Shares of Honeywell Flour Mills witnessed a significant rush on the floor of the Nigerian Exchange (NGX) Limited last week, pushing its price higher by 28.13 per cent.

Business Post reports that Honeywell Flour stocks, which opened the week at N1.60 each, closed last Friday at N2.05 on the back of a sudden demand for the company’s equities by investors.

The company was the best-performing stock of the week and as well as one of the most traded equities at the close of transactions for the week.

According to data from the NGX, trading in Honeywell Flour, BOC Gases and Flour Mills of Nigeria accounted for 724.1 million shares worth N3.9 billion in 1,061 deals, contributing 44.97 per cent and 31.06 per cent to the total trading volume and value respectively.

It was observed that investors transacted a total of 1.6 billion shares worth N12.6 billion in 18,622 deals last week as against the 989.6 million shares worth N8.2 billion traded in 19,617 deals a week earlier.

A breakdown showed that financial stocks accounted for 584.8 million units worth N3.7 billion exchanged in 8,658 deals, contributing 36.32 per cent and 29.62 per cent to the total trading volume and value respectively.

It was trailed by consumer goods shares which traded 525.9 million units worth N3.7 billion in 3,553 deals, and natural resources equities, which traded 250.9 million units worth N1.4 billion in 72 deals.

Apart from Honeywell Flour, other top gainers were Northern Nigerian Flour Mills, which rose by 22.76 per cent to N7.55; Airtel Africa, which rose by 15.38 per cent to N750.00; Conoil, which grew by 9.83 per cent to N22.35; and Neimeth, which gained 9.33 per cent to trade at N1.64.

Conversely, Juli was the worst-performing stock of the week after its equity price went down by 18.02 per cent to 91 kobo.

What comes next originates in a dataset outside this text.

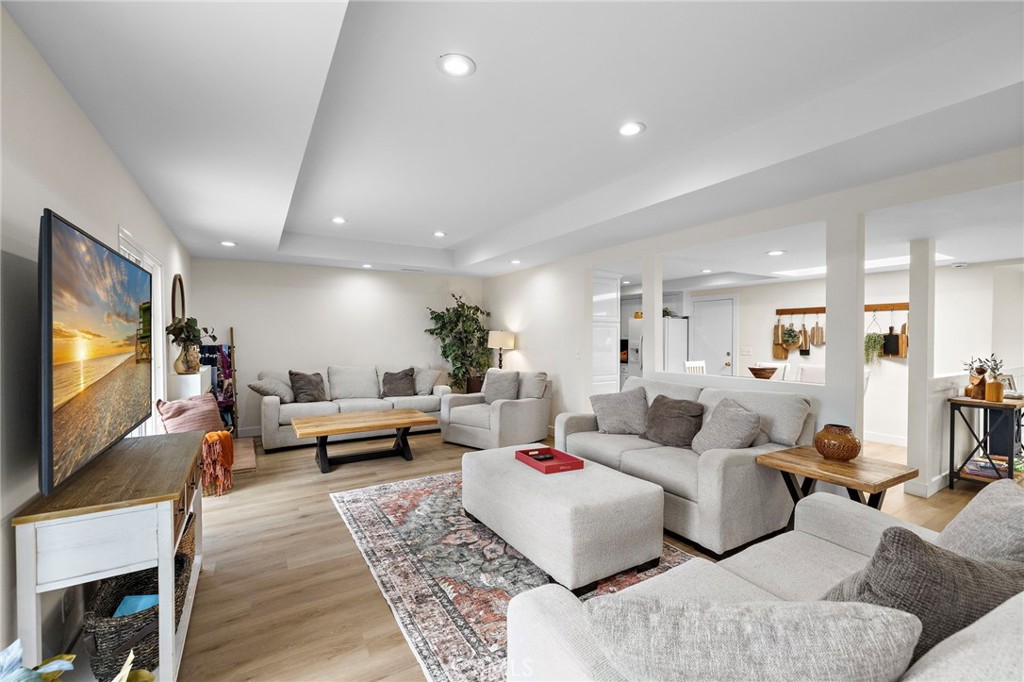 2435 Marseilles Way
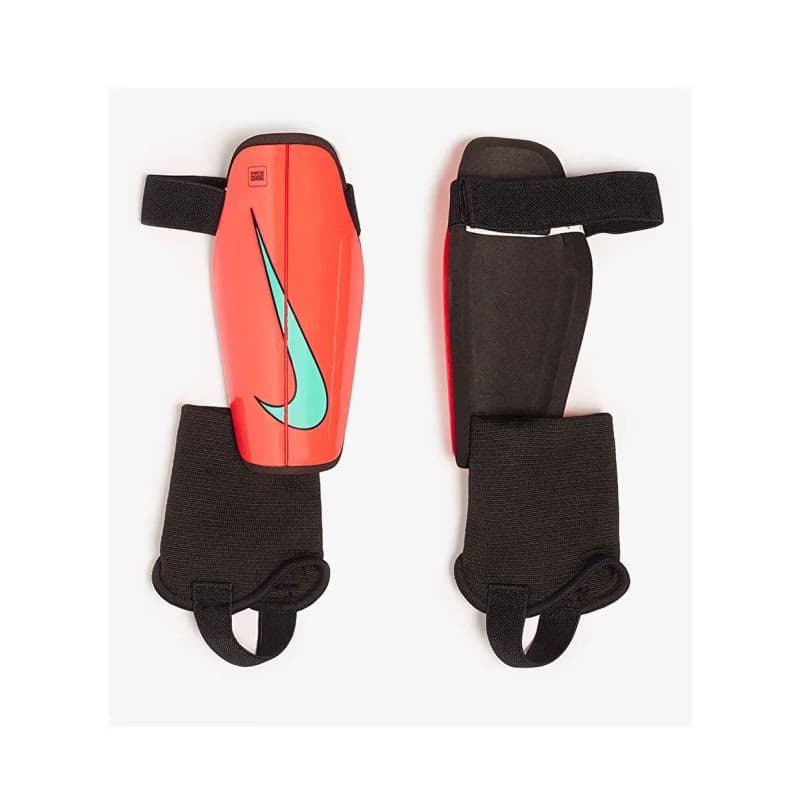 Futbalový chránič NIKE Charge (SP55)(52) 2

Regency Assurance dropped 12.50 per cent to 42 kobo, Cutix declined by 11.50 per cent to N5.00, Consolidated Hallmark Insurance reduced by 10.17 per cent to 53 kobo, while SFS REIT fell by 9.99 per cent to N61.75.

At the close of business, a total of 29 stocks were on the gainers’ chart, higher than 23 stocks of the preceding week, while 29 shares were on the losers’ table, lower than 36 shares of the earlier week, with 98 equities remaining unchanged, higher than 97 equities recorded in the previous week.

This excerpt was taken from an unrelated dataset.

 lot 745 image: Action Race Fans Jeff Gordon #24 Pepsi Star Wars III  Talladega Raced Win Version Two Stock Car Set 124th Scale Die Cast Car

As for the major market performance indicators, the All-Share Index (ASI) and the market capitalisation appreciated by 1.83 per cent to 39,522.34 points N20.592 trillion respectively.

Similarly, all other indices finished higher with the exception of premium, insurance, ASem, NGX AFR Dividend Yield and industrial goods indices, which depreciated by 0.17 per cent, 2.37 per cent, 2.82 per cent, 0.24 per cent and 1.35 per cent respectively, while the growth index closed flat.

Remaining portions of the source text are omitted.